Bangor University’s program follows the British model for PhD work which is entirely research/writing as opposed to the coursework of a U.S. program.  While the U.S. programs prepare a student for future studies in a broader preparation, the British program offers the self-motivated student the opportunity to jump right into the research they are intending for their final project.  Bangor’s program is in conjunction with Pentecostal Theological Seminary (Cleveland, TN; via John Christopher Thomas – Clarence J. Abbott Professor of Biblical Studies).  This program facilitates the Pentecostal scholar to write from an explicitly Pentecostal perspective (see the works of Ken Archer, Chris Thomas and Lee Roy Martin for examples).  The program functions somewhat in conjunction with the Centre for Pentecostal Theology.  The student is only required to attend discussions/critiques of their current dissertation writing twice a year (for a two day stint each time) at the CPT location in Cleveland, TN (along with monthly supervisions via Skype)…and then to defend their final work onsite at Bangor (the viva). This program now includes supervisors alongside Chris Thomas like Frank Macchia, Chris Green and Robby Waddell.

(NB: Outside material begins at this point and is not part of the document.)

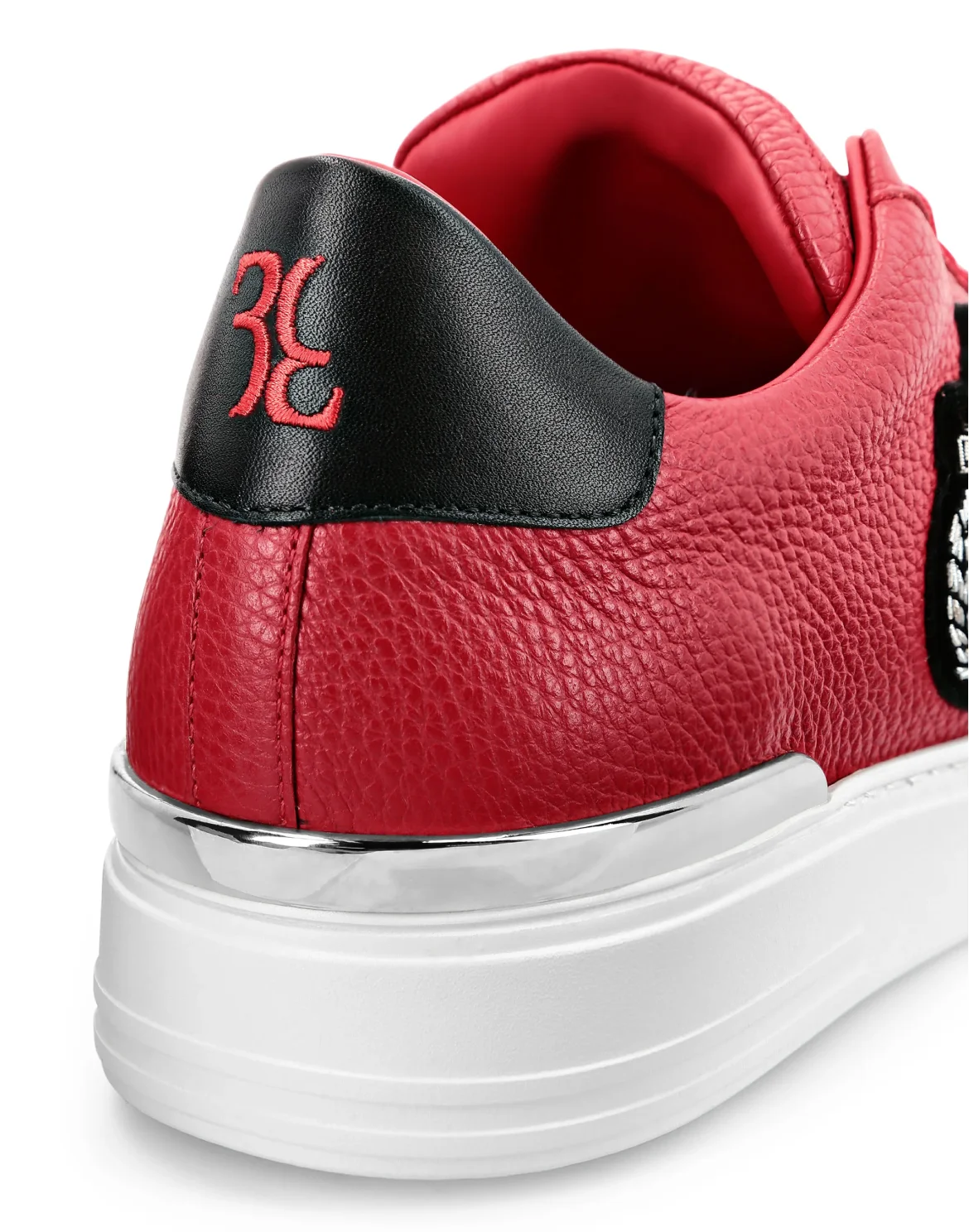Lo-Top Sneakers Crest, цвет: Красный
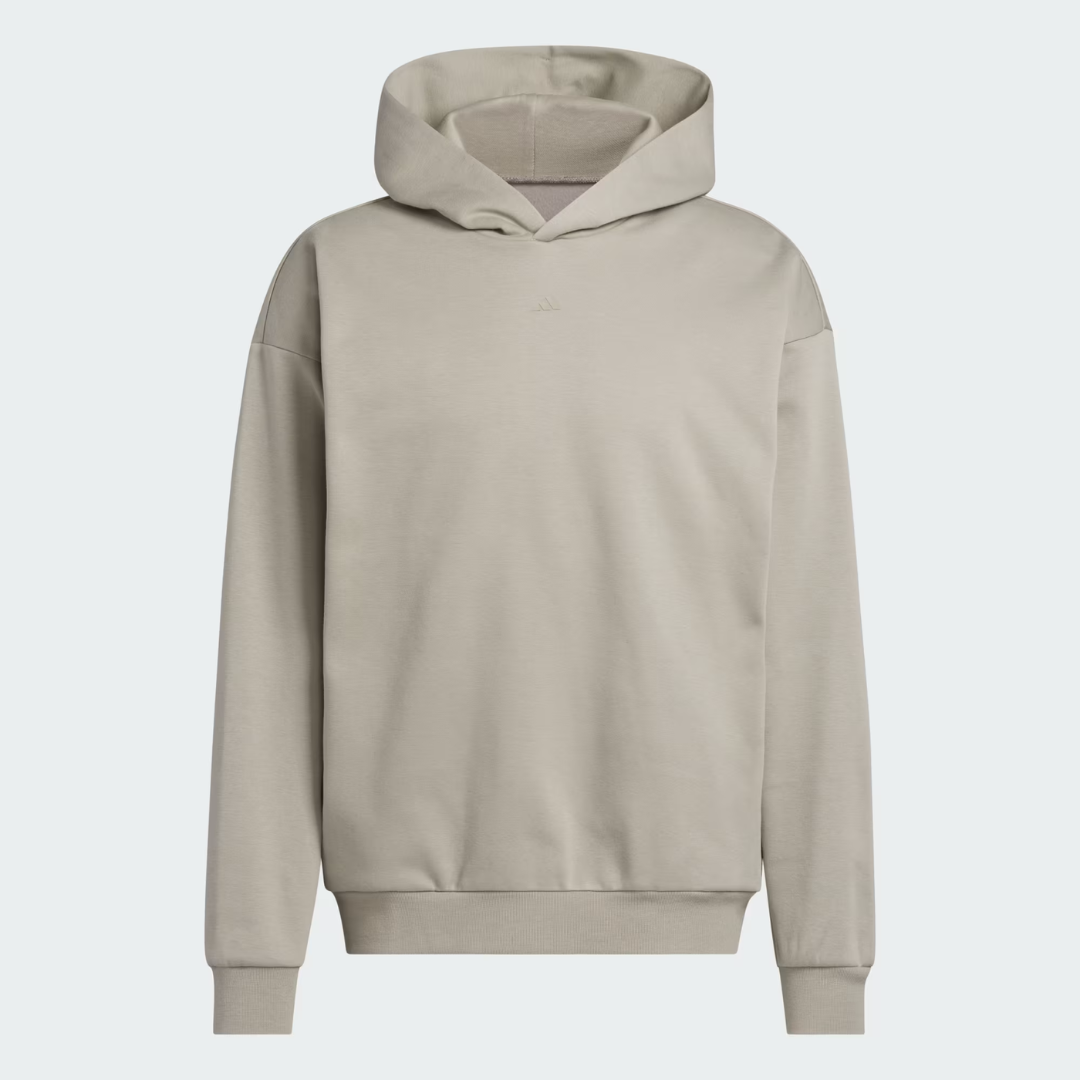 Hoodie con Capucha Tela Fleece adidas Basketball (Unisex)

University of Birmingham also (naturally) follows the British model of research/writing.  They require one two-week stint onsite per year and then attendance for the viva.  The Centre for Pentecostal and Charismatic Studies (at Birmingham) offers considerable resources for such research and writing and offers several notable faculty (Walter Hollenweger was one of these): Allan Anderson, Andrew Davies, and Wolfgang Vondey. Recently several faculty of Southeastern University in Lakeland, FL, have begun U.S. based supervisions: Ken Archer.

The Hollenweger Center is based in Amsterdam and is a part of the Vrije Universiteit Amsterdam.   There is no requirement to know or learn Dutch as a part of this program, but one must regularly visit and research onsite over the four year period intended for the dissertation (see requirements HERE).  There are no specific course requirements, but any given number of seminars should be taken to aid the student in their research and studies.

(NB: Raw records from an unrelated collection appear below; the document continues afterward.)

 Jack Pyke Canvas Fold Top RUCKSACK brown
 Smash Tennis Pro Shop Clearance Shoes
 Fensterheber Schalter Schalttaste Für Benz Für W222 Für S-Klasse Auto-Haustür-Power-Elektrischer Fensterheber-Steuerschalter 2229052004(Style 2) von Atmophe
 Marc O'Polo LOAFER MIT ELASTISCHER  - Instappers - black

Alphacrucis College in Sydney, Australia now (2016) offers a PhD in business, education or theology that is taught be leading scholars in their field. It is an entirely research/writing based program that requires no residency nor a viva/oral-defense following standard Australian academic procedure.

The London School of Theology offers a number of foci within Pentecostal studies and includes such faculty as William Atkinson and Graham Twelftree (among others). This is (as noted above) a British PhD and thus is focused upon research/writing of a thesis rather than courses.

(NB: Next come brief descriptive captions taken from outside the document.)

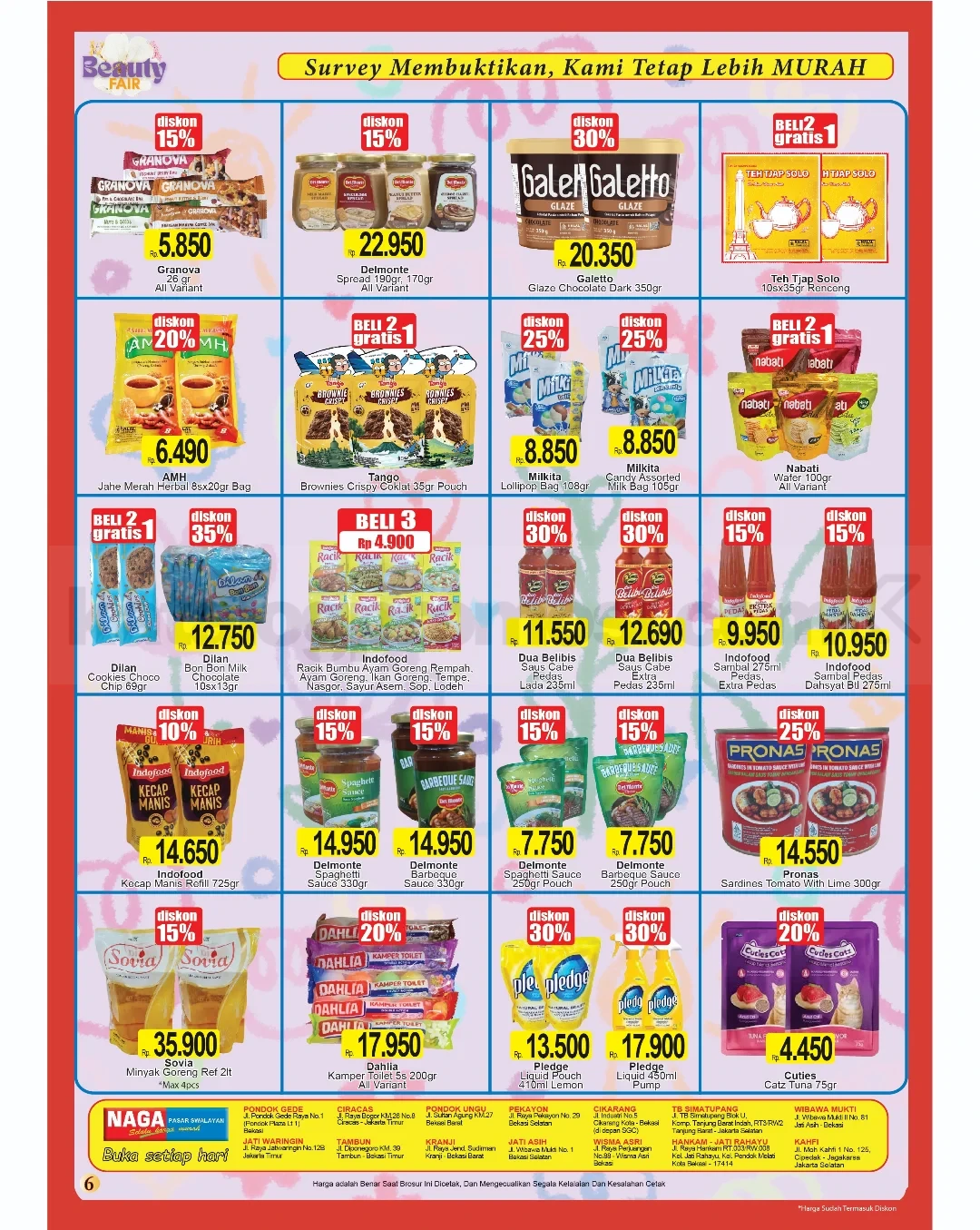 Katalog Promo NAGA SWALAYAN Terbaru 25 November - 10 Desember 2025 Katalog Promo NAGA SWALAYAN Terbaru 25 November - 10 Desember 2025 6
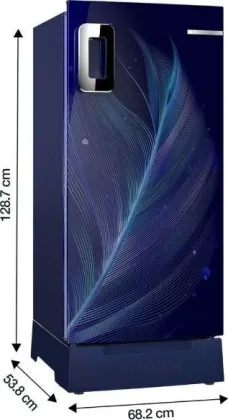 Bosch CST18B35PI 187 L 5 Star Single Door Refrigerator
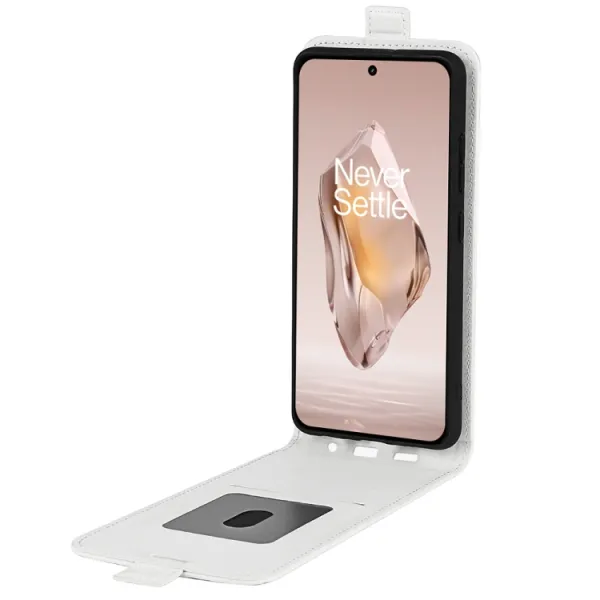 Vyklápacie puzdro pre OnePlus 12R biele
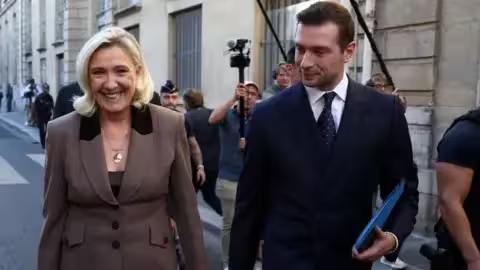 Reste à savoir qui mènera le RN aux prochaines élections : Le Pen ou Bardella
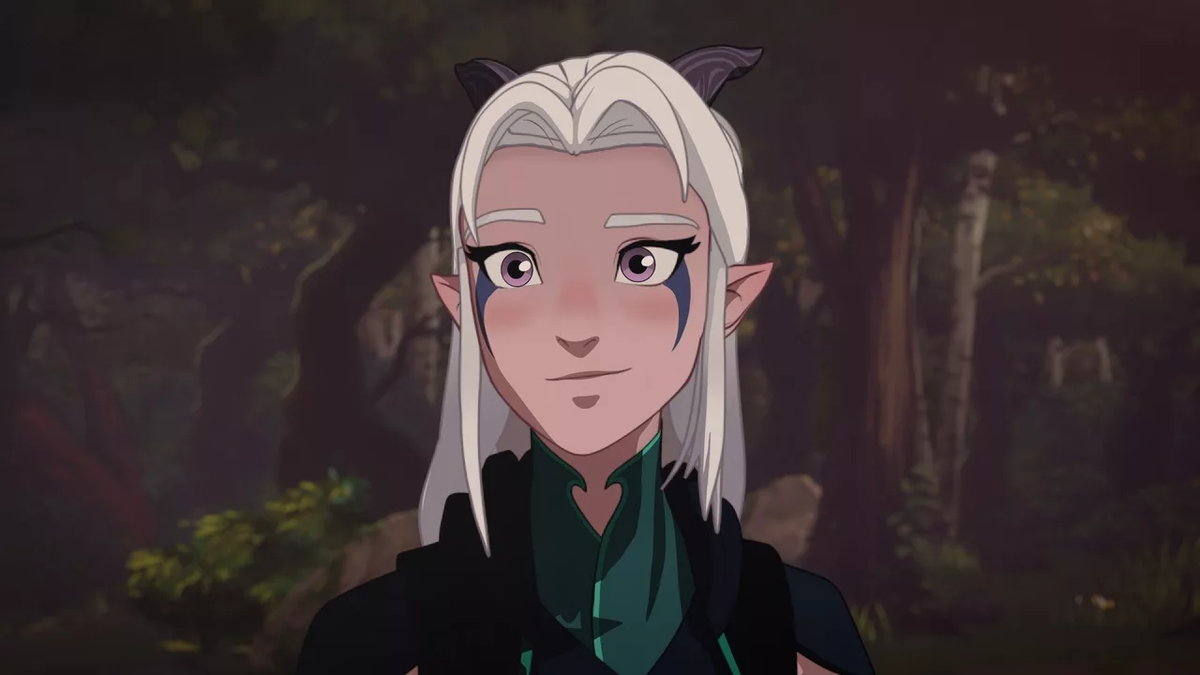 Нет, правда к Рейле не было претензий с самого начала, а ведь я придирчивый зритель (меня даже Аанг первое время раздражал, она как Сокка в том сериале, только увидел и уже любимчик).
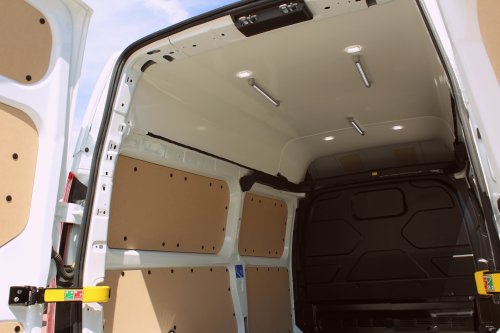 AG Zabudowy - Realizacje - Ford Transit Custom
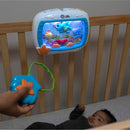 Sea Dreams Soother Musical Crib Toy Remote, Lights and Melodies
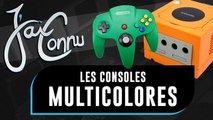 J'ai connu ... les CONSOLES MULTICOLORES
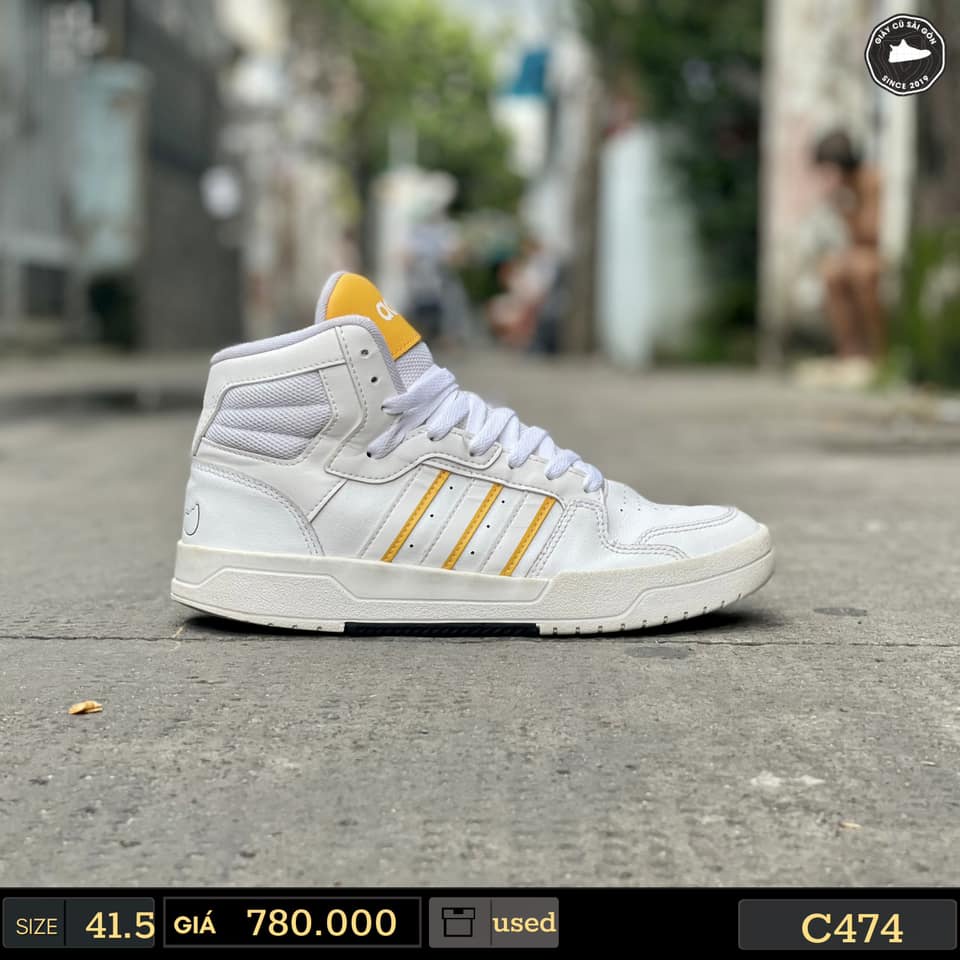 Giày 2hand Adidas neo Entrap Mid FY2961- Giày Cũ Sài Gòn 474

Asia Pacific Theological Seminary in Baguio City, Philippines offers PhDs in education, missions, counseling, theology, and biblical studies. It is also entirely a research/writing based program where the residencies consist of three research seminars (accomplished via instensives), dissertation, and oral defense.

Pan Africa Theological Seminary (known as PAThS) is split between two campuses as a joint effort: West Africa Advanced School of Theology in Lomé, Togo and East Africa School of Theology in Nairobi, Kenya. This program (like APTS above) is affiliated with the Assemblies of God. This program requires 3 weeks of residence on campus twice each year, for a total of 8 sessions of course work during a 4-year period.

Oral Roberts University is commencing a PhD in Theology (welcoming applications fall 2018) with a focus upon global contextualized theology under the leadership of Wonsuk Ma.

If I’ve missed any I would love to know so that I could add them to this post.  I would welcome any comments or questions about these programs as I’ve done the application work for all of them (plus others) [I did not apply to either Birmingham or The Hollenweger Center], but determined Bangor was the best fit for me.